• Work to complete:
Only the tail of the listing is wanted: the line containing "this 550×367 image." and all after it, repeated exactly, pictures omitted.

--- START ---

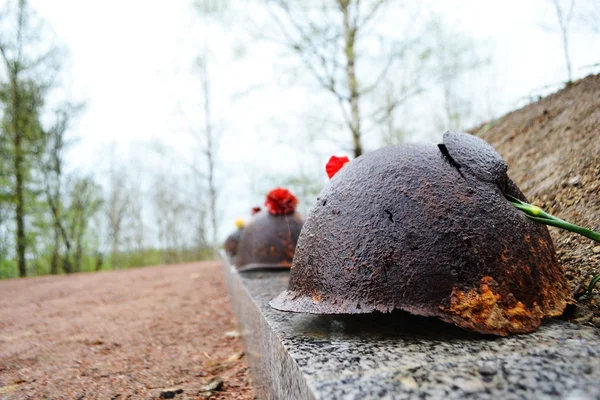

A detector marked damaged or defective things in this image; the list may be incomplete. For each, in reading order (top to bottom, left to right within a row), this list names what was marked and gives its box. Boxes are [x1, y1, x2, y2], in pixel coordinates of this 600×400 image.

rusty steel helmet [232, 188, 302, 272]
second rusty helmet [236, 188, 304, 272]
rusty steel helmet [270, 133, 568, 336]
second rusty helmet [270, 133, 572, 336]
rust patch on helmet [438, 276, 548, 336]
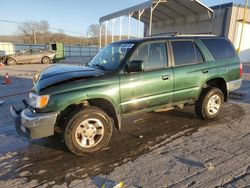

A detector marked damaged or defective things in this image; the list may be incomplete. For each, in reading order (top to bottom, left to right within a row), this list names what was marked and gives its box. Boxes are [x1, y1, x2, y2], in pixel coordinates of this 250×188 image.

damaged front bumper [9, 101, 58, 140]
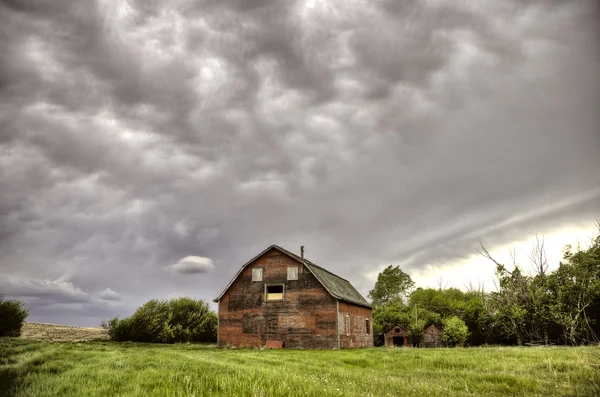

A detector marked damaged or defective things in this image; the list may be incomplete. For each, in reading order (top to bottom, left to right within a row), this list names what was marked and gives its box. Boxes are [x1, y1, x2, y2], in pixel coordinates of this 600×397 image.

broken window [264, 284, 284, 300]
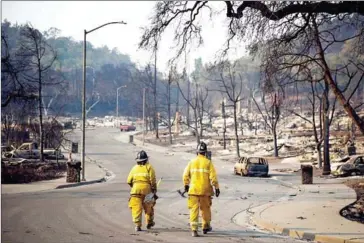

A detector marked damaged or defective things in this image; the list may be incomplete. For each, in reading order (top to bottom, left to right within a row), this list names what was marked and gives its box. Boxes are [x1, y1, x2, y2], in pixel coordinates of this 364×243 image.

burned car [235, 158, 268, 177]
burned car [332, 156, 364, 177]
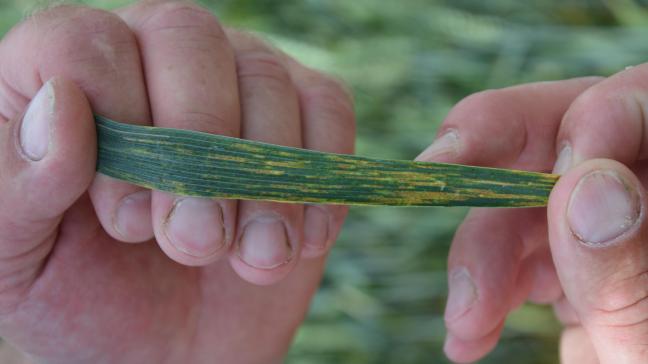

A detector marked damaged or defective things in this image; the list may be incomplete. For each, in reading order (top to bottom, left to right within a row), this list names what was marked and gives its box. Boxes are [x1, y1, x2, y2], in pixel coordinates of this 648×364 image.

rust stripe pattern [93, 116, 560, 208]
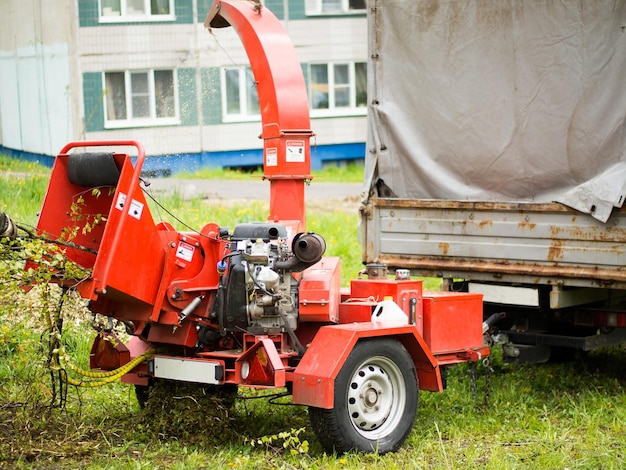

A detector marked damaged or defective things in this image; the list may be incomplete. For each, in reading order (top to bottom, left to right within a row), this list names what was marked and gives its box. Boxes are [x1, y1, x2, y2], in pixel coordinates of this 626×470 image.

rusty metal panel [360, 197, 626, 288]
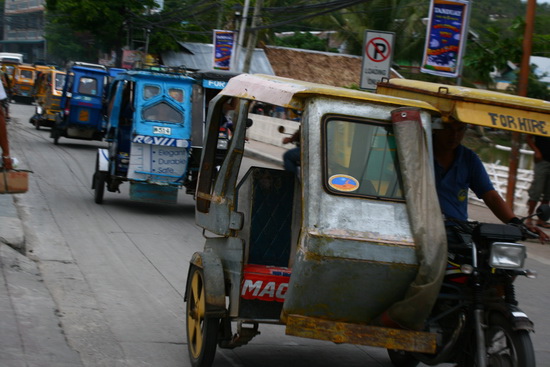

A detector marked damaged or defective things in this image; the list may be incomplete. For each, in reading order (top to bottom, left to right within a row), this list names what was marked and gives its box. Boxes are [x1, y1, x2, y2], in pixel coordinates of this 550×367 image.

rusty metal panel [286, 314, 438, 356]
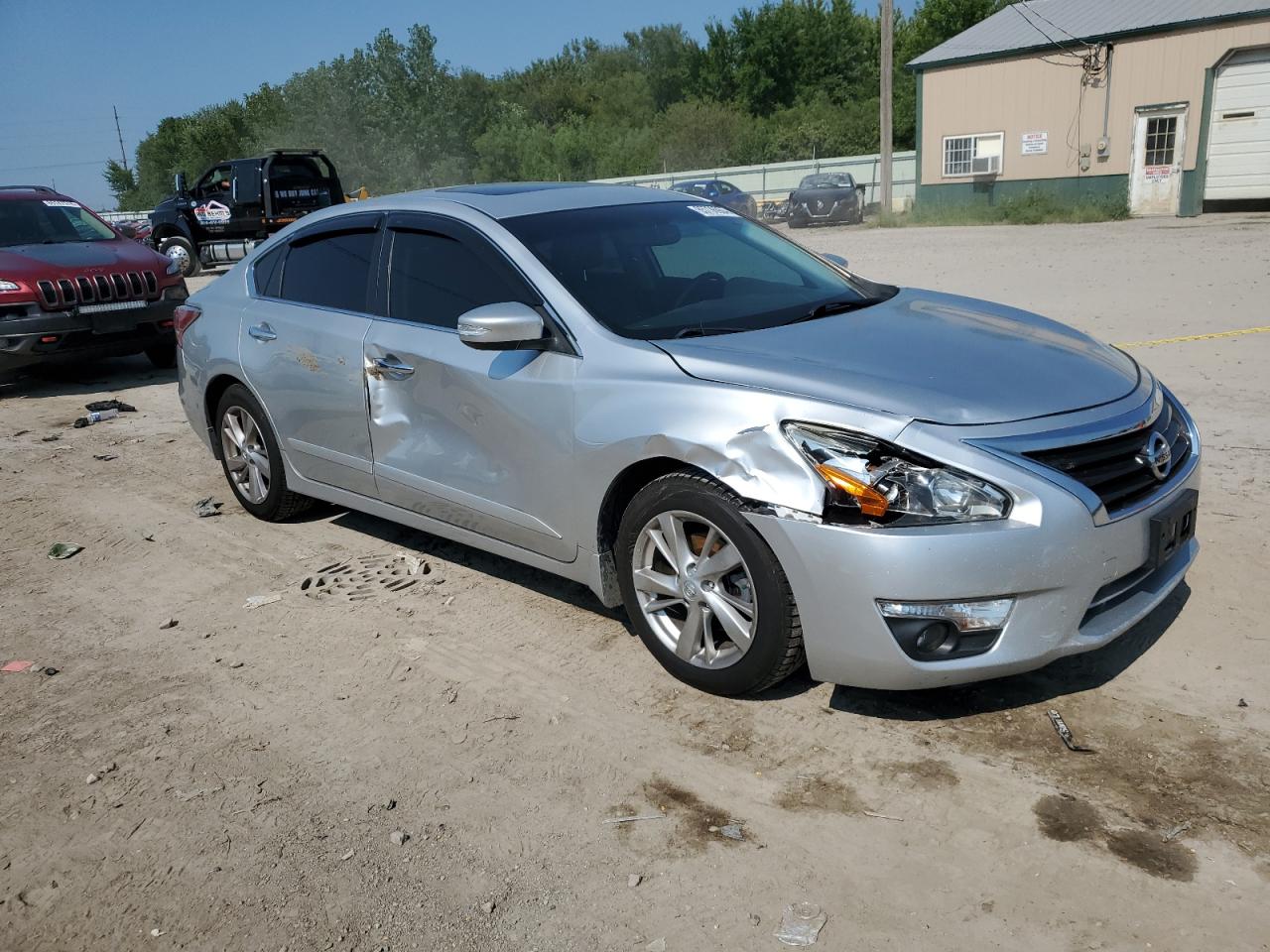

--- END ---

• Task solution:
A detector marked damaged or defective things in this image; the list may be incomplete. For each, in reading order (top to bottom, left to right within a row), this list names what was marked and gives its box. Boxes are [x1, y1, x2, y2], in pixel coordinates of this 550×367 image.

rusty metal panel [286, 314, 438, 356]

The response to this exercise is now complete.